Where this is referred to, it refers to a person belonging to a particular age (e.g. 32 year olds) or range of ages (e.g. 18 - 30 year olds).

Disability

If one has a physical or mental impairment, that person has specific rights that protect them against discrimination. Employers and service providers are obliged to make relevant adjustments. Under certain circumstances this protection also extends to their carers 
A person has a disability if s/he has a physical or mental impairment which has a substantial and long-term adverse effect on that person's ability to carry out normal day-to-day activities.

Gender reassignment

The process of transitioning from one gender to another.

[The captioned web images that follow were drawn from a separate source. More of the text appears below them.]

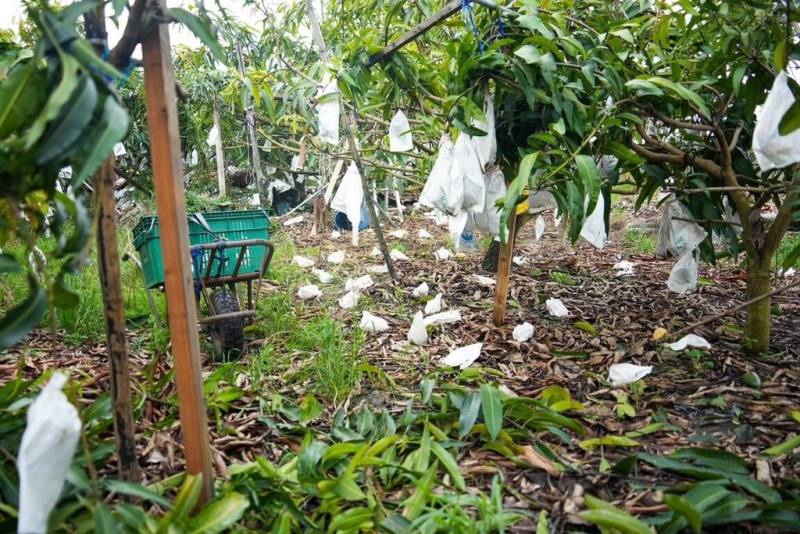 颱風丹娜絲影響，高雄部分地區出現農業災損，市府統計，截至8日下午4時，災損累計金額達新台幣3692萬元。圖為高雄一處果園受災情形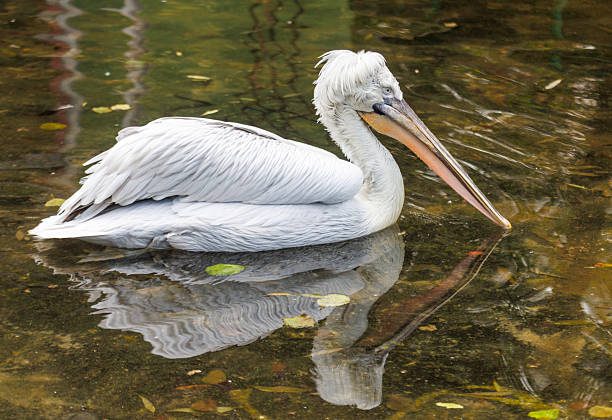 A white pelican is swimming in a pond. The bird is looking to the right. The water is murky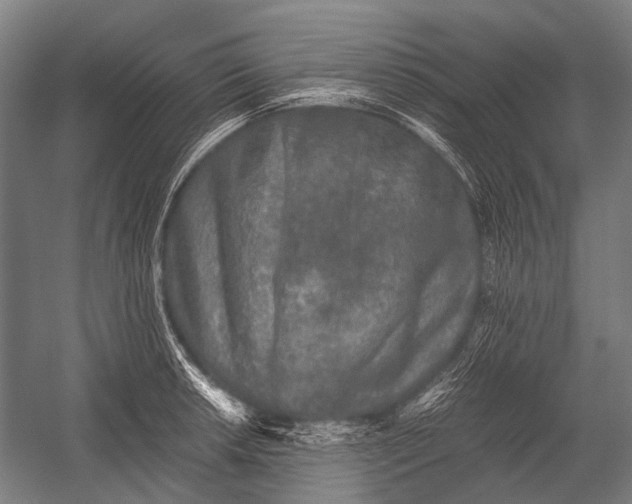 X0000052921042200507292321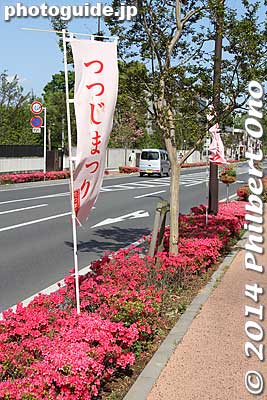 It's a pleasant walk with azalea decorating the sidewalk.
Keywords: gunma tatebayashi azalea flowers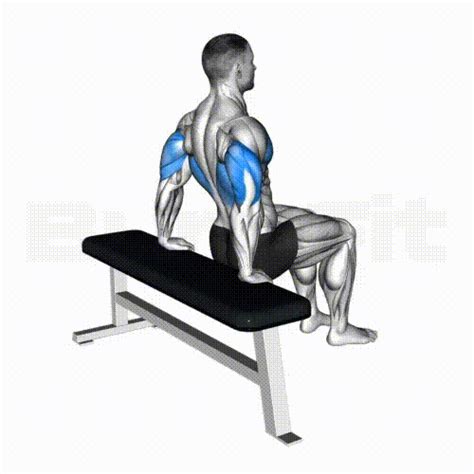 Bench Dips Smash Your Limit BurnFit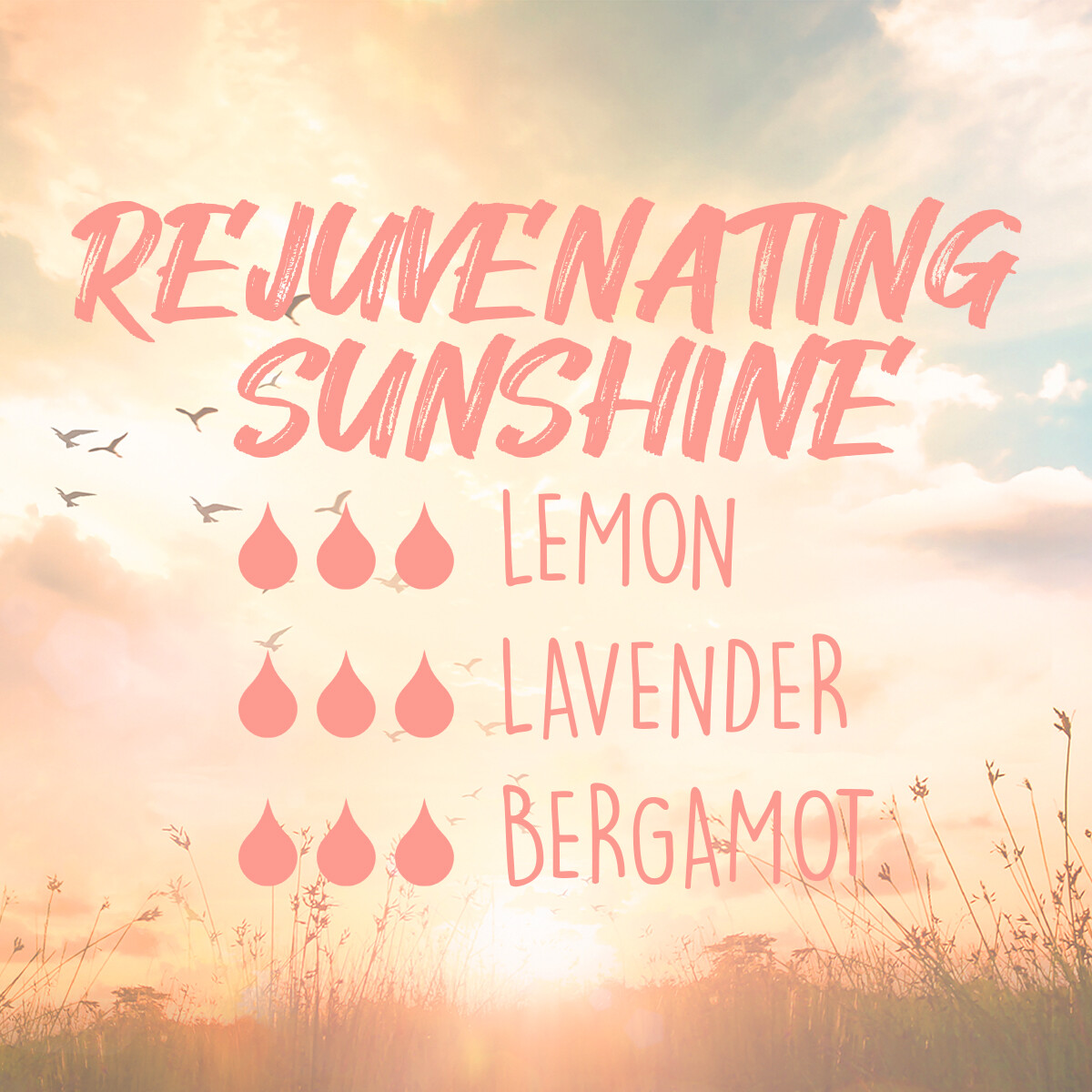 ursulam0531's tweet photo. Spring is FINALLY HERE! Diffuser Blend to make your home smell like outside!

#EssentialOils #DiffuserBlend https://t.co/DApncisAx7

Marriage and civil partnership

Marriage is defined as a 'union between a man and a woman'. Same-sex couples can have their relationships legally recognised as 'civil partnerships'. Civil partners must be treated the same as married couples on a wide range of legal matters.

Pregnancy and maternity

Pregnancy is the condition of being pregnant or expecting a baby. Maternity refers to the period after the birth, and is linked to maternity leave in the employment context. In the non-work context, protection against maternity discrimination is for 26 weeks after giving birth, and this includes treating a woman unfavourably because she is breastfeeding.

Race

Refers to the protected characteristic of Race. It refers to a group of people defined by their race, colour, and nationality (including citizenship) ethnic or national origins.
Wherever one was born, wherever their parents came from, whatever the colour of their skin, they have a right to be treated fairly and be protected against racial discrimination and prejudice.

Religion and belief

Religion has the meaning usually given to it but belief includes religious and philosophical beliefs including lack of belief (e.g. Atheism). Generally, a belief should affect your life choices or the way you live for it to be included in the definition.
Religion or belief should not interfere with anybody’s right to be treated fairly at work, at school, in shops or while accessing public services such as health care and housing.

Sex

Whether a person's sexual attraction is towards their own sex, the opposite sex or to both sexes.
Whether one is straight, gay, lesbian or bisexual should not put them at a disadvantage. The law protects the citizen against discrimination in the workplace, including harassment, on grounds of sexual orientation.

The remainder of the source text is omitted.